安政の大獄とは、当時幕府で将軍に次ぐ最高権力の地位である大老という職にいた井伊直弼が、対立していた人々を激しく、傍若無人に処罰・処刑した出来事です。

これだけ聞くと、「自分に逆らう者はみんな処罰じゃー!!殺せ殺せえ〜〜」というめちゃ最悪な輩ですよね。

ではなぜ井伊直弼はこんなことを始めたのか?

ことの発端は、1853年にアメリカの黒船が来て開国を迫ったことにあります。

200年以上も平和な世の中だったので、急に外国からの脅威に幕府は大慌て。結局幕府は開国を認め、その後日米の貿易や治外法権に関する条約にも調印することになったのです。
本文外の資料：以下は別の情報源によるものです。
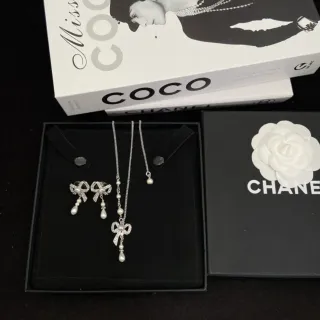 Chanel Silver White Bow Motif Pearl Teardrop Dangles Necklace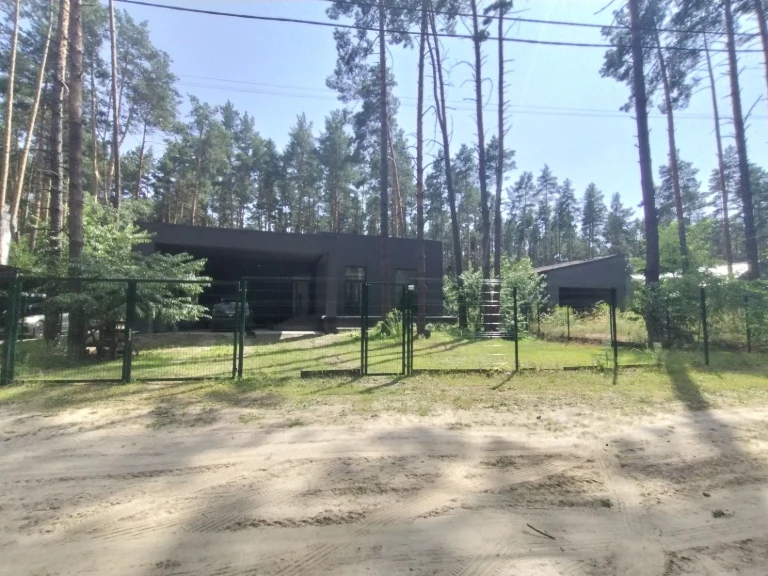 Продаж будинку в лісі VIP-клісу з ремонтом під Києвом Дарниц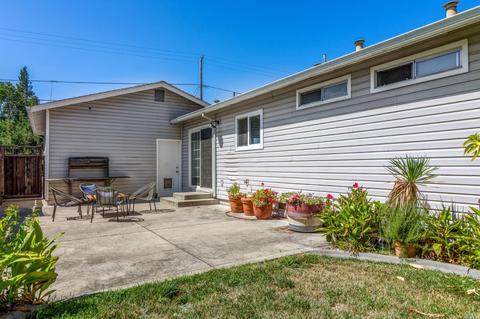 537 E I St, Benicia, CA 94510 photo 31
アメリカの進んだ文化や武器の力を目の当たりにして、平和に慣れきった日本にはもはや戦って打ち勝つ力はないことを痛感します。アメリカの申し出を受け入れなければ、やられる・・・と危機感を抱いたわけです。

不本意ながらジャイアン・・・ではなくアメリカの申し出を受けれいてしまったことでのちのち大波乱が起きます!

井伊直弼・勝手にアメリカと条約

ここで問題になったのが、井伊直弼が本来は必要な天皇の許しである勅許なしに通商条約に調印してしまったことです。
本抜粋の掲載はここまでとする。